Tantôt l’un, tantôt l’autre des voyageurs allait lever le panneau d’entrée, jetait un regard au dehors, puis revenait en branlant la tête.

Aucun ne songeait qu’à cette heure même, au fond de leur prison du Réduit Central, Dodekhan et Lucien, penchés sur l’écran du téléphote, regardaient le même paysage, attentifs, eux aussi, au mystère de cette nuit angoissante.

Minuit, une heure du matin.

Au début de la veillée, Max avait à diverses reprises, entraîné ses compagnes dans les méandres d’une conversation, dont le principal mérite était d’apporter une diversion aux pensées générales. Mais peu à peu, il avait rencontré une résistance plus grande. Peut-être aussi s’était-il fatigué de l’effort. Le silence régnait maintenant.

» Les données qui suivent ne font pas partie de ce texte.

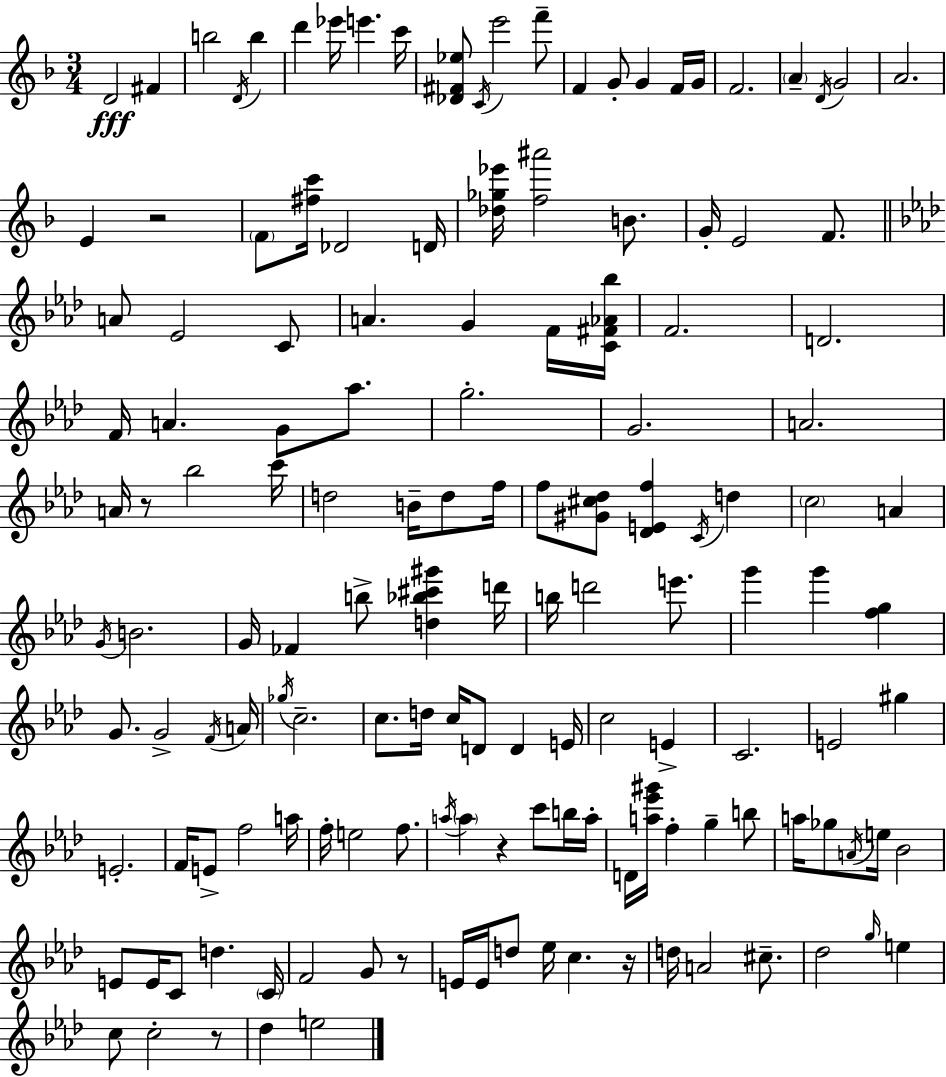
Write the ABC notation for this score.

X:1
T:Untitled
M:3/4
L:1/4
K:F
D2 ^F b2 D/4 b d' _e'/4 e' c'/4 [_D^F_e]/2 C/4 e'2 f'/2 F G/2 G F/4 G/4 F2 A D/4 G2 A2 E z2 F/2 [^fc']/4 _D2 D/4 [_d_g_e']/4 [f^a']2 B/2 G/4 E2 F/2 A/2 _E2 C/2 A G F/4 [C^F_A_b]/4 F2 D2 F/4 A G/2 _a/2 g2 G2 A2 A/4 z/2 _b2 c'/4 d2 B/4 d/2 f/4 f/2 [^G^c_d]/2 [_DEf] C/4 d c2 A G/4 B2 G/4 _F b/2 [d_b^c'^g'] d'/4 b/4 d'2 e'/2 g' g' [fg] G/2 G2 F/4 A/4 _g/4 c2 c/2 d/4 c/4 D/2 D E/4 c2 E C2 E2 ^g E2 F/4 E/2 f2 a/4 f/4 e2 f/2 a/4 a z c'/2 b/4 a/4 D/4 [a_e'^g']/4 f g b/2 a/4 _g/2 A/4 e/4 _B2 E/2 E/4 C/2 d C/4 F2 G/2 z/2 E/4 E/4 d/2 _e/4 c z/4 d/4 A2 ^c/2 _d2 g/4 e c/2 c2 z/2 _d e2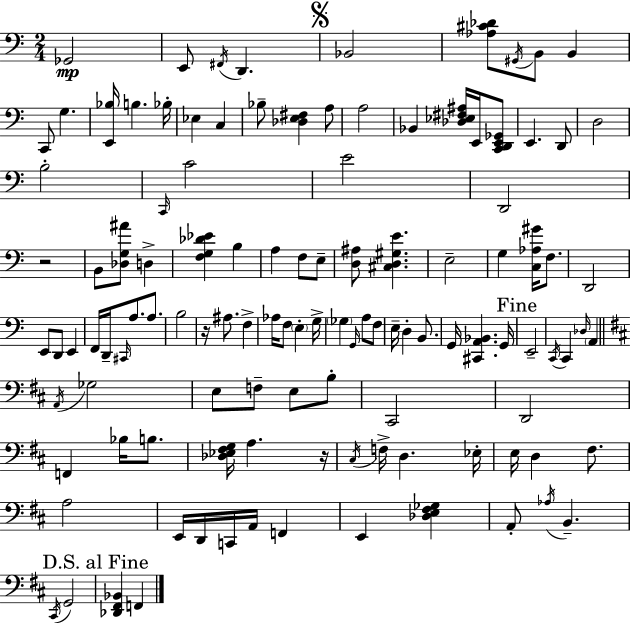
X:1
T:Untitled
M:2/4
L:1/4
K:Am
_G,,2 E,,/2 ^F,,/4 D,, _B,,2 [_A,^C_D]/2 ^G,,/4 B,,/2 B,, C,,/2 G, [E,,_B,]/4 B, _B,/4 _E, C, _B,/2 [_D,E,^F,] A,/2 A,2 _B,, [_D,_E,^F,^A,]/4 E,,/4 [C,,D,,E,,_G,,]/2 E,, D,,/2 D,2 B,2 C,,/4 C2 E2 D,,2 z2 B,,/2 [_D,G,^A]/2 D, [F,G,_D_E] B, A, F,/2 E,/2 [D,^A,]/2 [^C,D,^G,E] E,2 G, [C,_A,^G]/4 F,/2 D,,2 E,,/2 D,,/2 E,, F,,/4 D,,/4 ^C,,/4 A,/2 A,/2 B,2 z/4 ^A,/2 F, _A,/4 F,/2 E, G,/4 _G, G,,/4 A,/2 F,/2 E,/4 D, B,,/2 G,,/4 [^C,,A,,_B,,] G,,/4 E,,2 C,,/4 C,, _D,/4 A,, A,,/4 _G,2 E,/2 F,/2 E,/2 B,/2 ^C,,2 D,,2 F,, _B,/4 B,/2 [_D,_E,^F,G,]/4 A, z/4 ^C,/4 F,/4 D, _E,/4 E,/4 D, ^F,/2 A,2 E,,/4 D,,/4 C,,/4 A,,/4 F,, E,, [_D,E,^F,_G,] A,,/2 _A,/4 B,, ^C,,/4 G,,2 [_D,,^F,,_B,,] F,,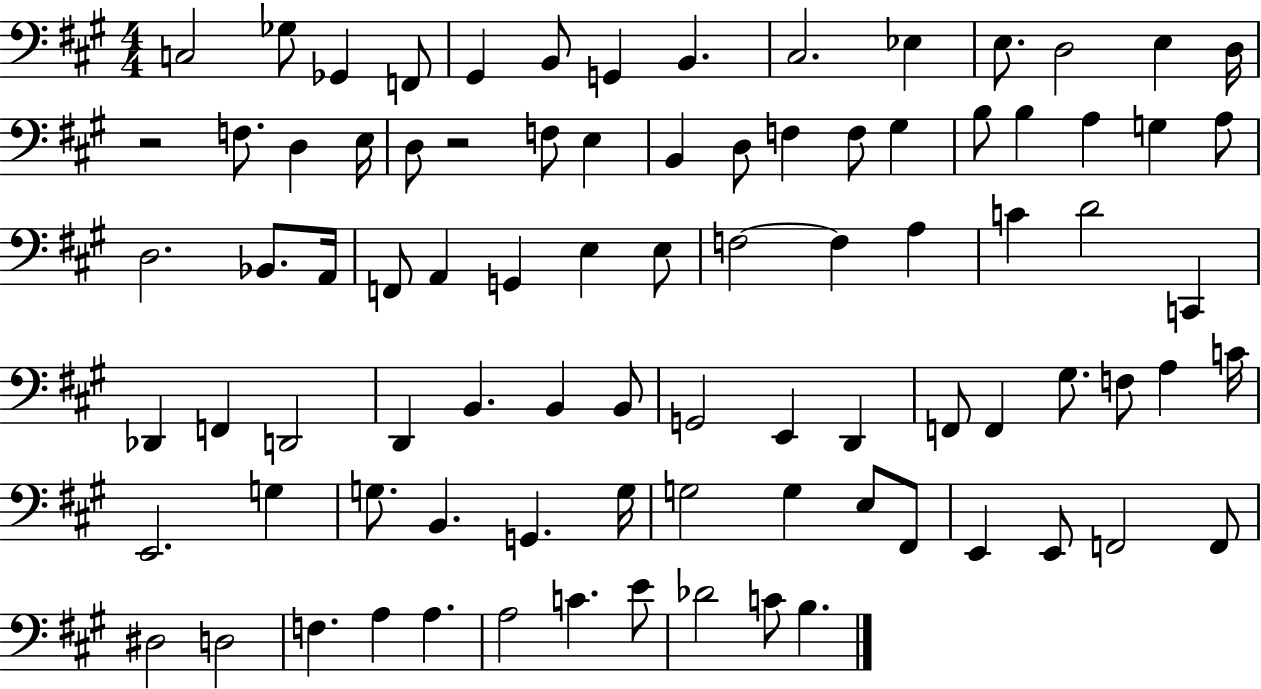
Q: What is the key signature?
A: A major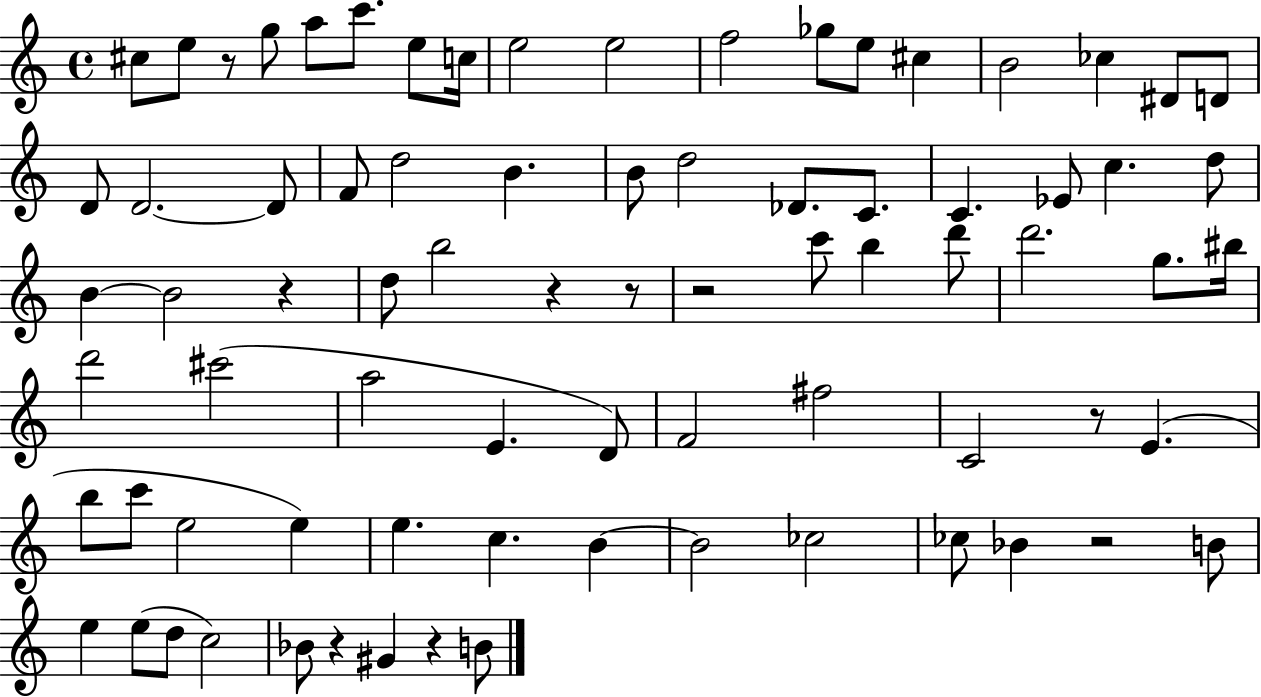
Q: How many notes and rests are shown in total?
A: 78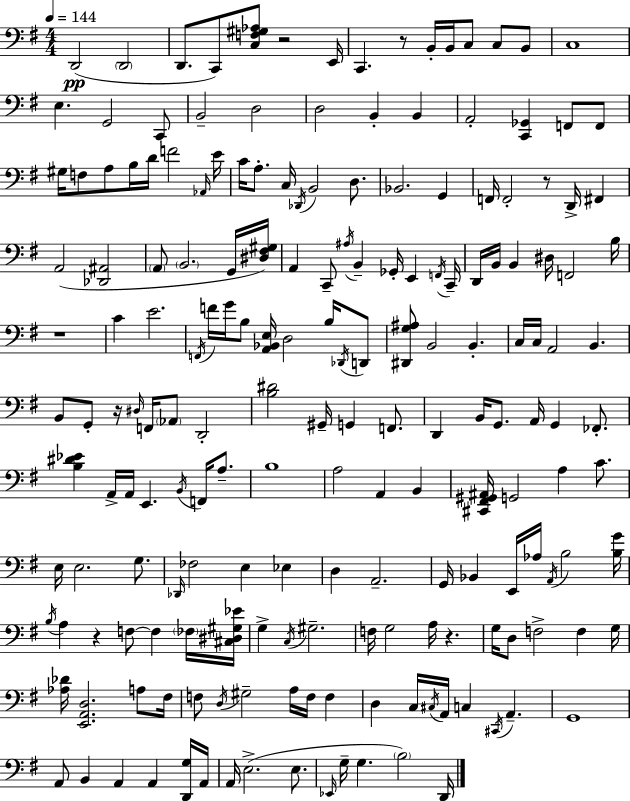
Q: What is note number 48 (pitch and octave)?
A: A2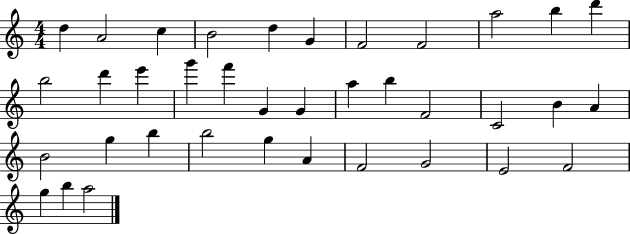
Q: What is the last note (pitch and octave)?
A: A5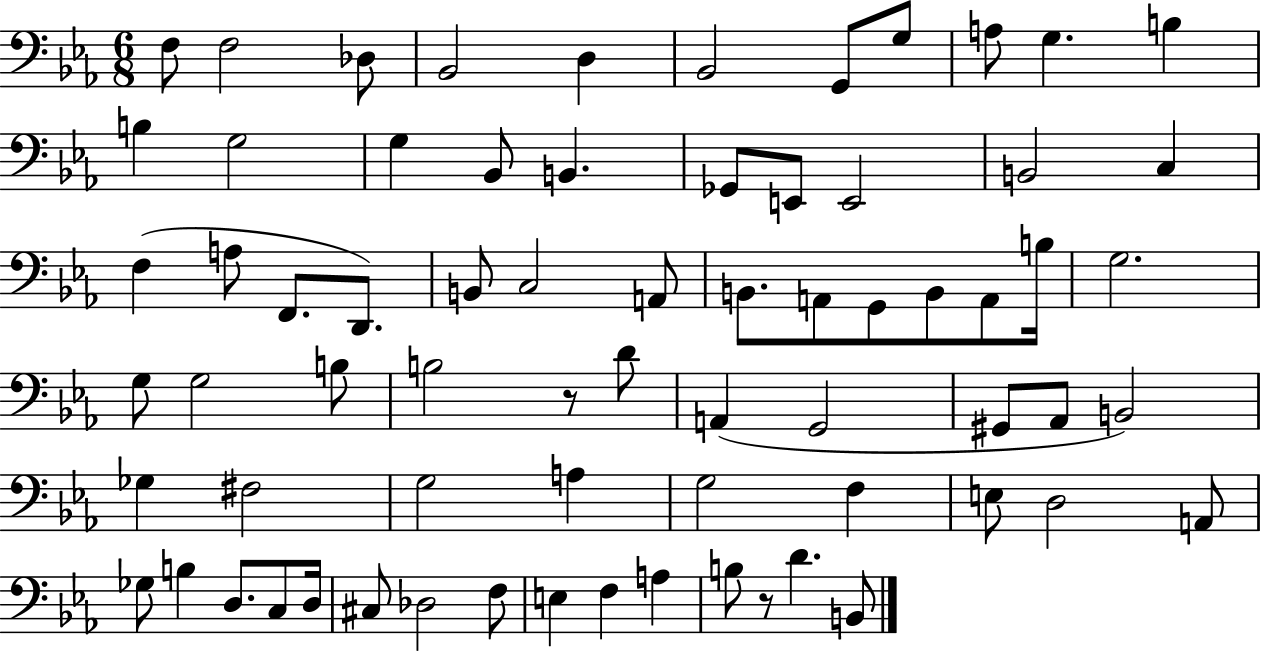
X:1
T:Untitled
M:6/8
L:1/4
K:Eb
F,/2 F,2 _D,/2 _B,,2 D, _B,,2 G,,/2 G,/2 A,/2 G, B, B, G,2 G, _B,,/2 B,, _G,,/2 E,,/2 E,,2 B,,2 C, F, A,/2 F,,/2 D,,/2 B,,/2 C,2 A,,/2 B,,/2 A,,/2 G,,/2 B,,/2 A,,/2 B,/4 G,2 G,/2 G,2 B,/2 B,2 z/2 D/2 A,, G,,2 ^G,,/2 _A,,/2 B,,2 _G, ^F,2 G,2 A, G,2 F, E,/2 D,2 A,,/2 _G,/2 B, D,/2 C,/2 D,/4 ^C,/2 _D,2 F,/2 E, F, A, B,/2 z/2 D B,,/2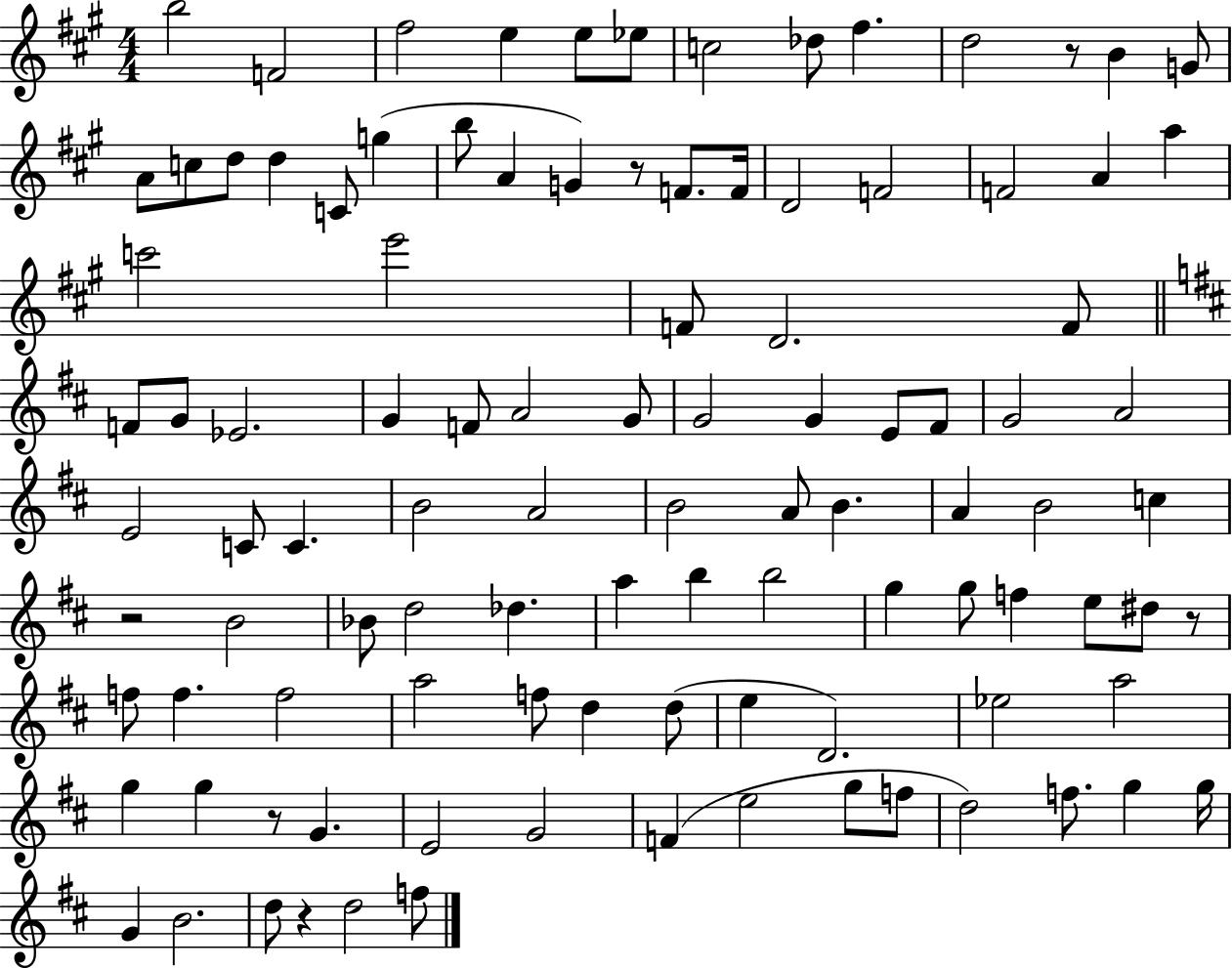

Aux soldats, aux officiers, aux généraux, cette nuit de veille devait paraître interminable. Le danger en lui-même est peu de chose ; ce qui est pénible, ce qui émousse les courages, c’est la proximité du péril et l’ignorance de l’instant où il se manifestera.

Tout homme devient brave quand il est dans le feu de la bataille. Presque tous tremblent alors que, l’arme au pied, ils attendent l’ordre qui les précipitera dans la fournaise.

Et vraiment, San paraissait se faire un malin plaisir de prolonger l’incertitude de l’armée : Un long silence encore, et la voix de Violet s’élève :

— Deux heures.

À cette minute précisément, Max Soleil, penché à l’entrée de la tente feutrée, regarde au dehors. Au son des paroles, il se retourne :

— Chut !

Ses compagnes sont aussitôt debout. Elles se glissent vers lui.

— Entendez-vous quelque chose ?

Il murmure :

— Écoutez.

Les jeunes femmes s’immobilisent. Elles tendent l’oreille.

Le froid est cinglant cette nuit. Il semble qu’il fouille le sol de ses griffes glacées. De la terre montent des grésillements, coupés parfois d’un éclat bref, strident. Il gèle à pierre fendre. Sous l’action de la température exceptionnellement basse, les rocs se désagrègent lentement en impalpables poussières, que les dégels des étés futurs entraîneront vers les plaines, vers les océans, déposeront en terrains d’alluvion à l’embouchure des fleuves.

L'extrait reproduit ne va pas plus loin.